Not since Elisha Cook Jr. has there been such a scene-stealing baby-faced character actor as Giovanni Ribisi. If the name doesn't ring a bell, you'd recognize him from his intense, slightly crazed roles in films like Cold Mountain, Lost Highway and Suburbia. (Let's forget The Mod Squad remake for now.) In Perfect Stranger, Ribisi plays a computer expert researcher who helps out Halle Berry's investigative journalist, but also has a thing for her. In town recently to promote the film, Ribisi proved as intense in person, especially when he paced the room, smoking.

Does it bug you that people don't recognize your name but recognize you in person?

Not at all. It's satisfying. I used to shy away from publicity so as not to let it get in the way of the work. But it's part of the job. The tabloids are a whole other arena. If fame happens, it happens. I just want to maintain focus.

I like how you use your voice in this film and others. Is that intentional?

I don't feel seated in a character unless there's a voice I can relate to. A lot of American actors don't concentrate enough on the voice and what a great tool it can be.
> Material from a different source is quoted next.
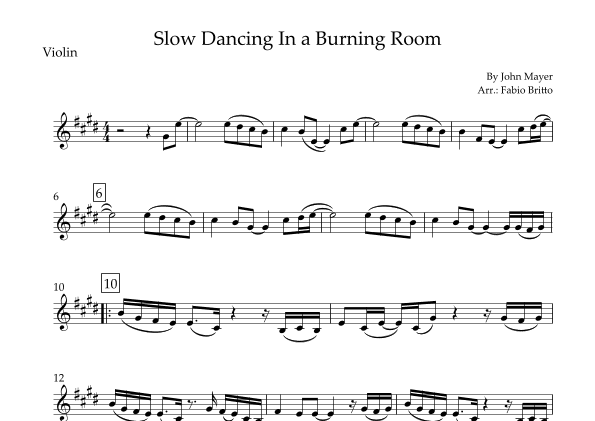 Slow Dancing In A Burning Room (arr. Fabio Britto)
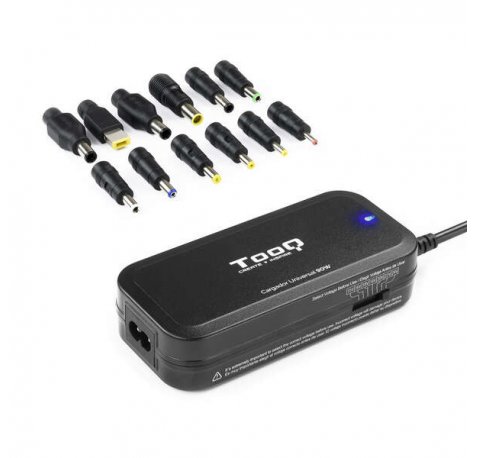 Tooq Cargador Universal para Portatil 90W - USB - 12 Adaptadores - Voltaje 15-24V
I've been inspired by actors like Gary Oldman and Tim Roth.

Was it tough playing somebody obsessed with Halle Berry?

It was so difficult, you have no idea. I've had acting challenges, but my God! Seriously, as an actress Halle's probably run into that often, and she knows how to deal with it. She was so refreshingly committed to doing the best job.

I like how her character works on Miles. She knows Miles lusts after her.

She's definitely exploiting that, and she's smart. It's one of the layers of her character and all the characters have that in the movie. It's about secrets and how far people will go to hide them with a mask. I think everybody has that Iago/Machiavelli character inside them.

Funny you should mention Iago. It's a perfect role for you. In the works?

Oh yeah. It's just a matter of finding the right production.

Your sister's married to Beck. How cool is that?

I come from a Sicilian background and it's all about pride in yourself and cultivating the family. He's an incredible individual and has a great family as well.

You once said that if it weren't for Scientology you would be in an alley. What did you mean?

That was probably a while back when I was a teenager and a lot more dramatic. I grew up with Scientology my parents at one point were clerical. It's a pragmatic philosophy, not merely a belief system. Yeah, it's had media exposure because certain luminaries do Scientology, but millions of people do it who are not celebrities. It's not a threat or some cult.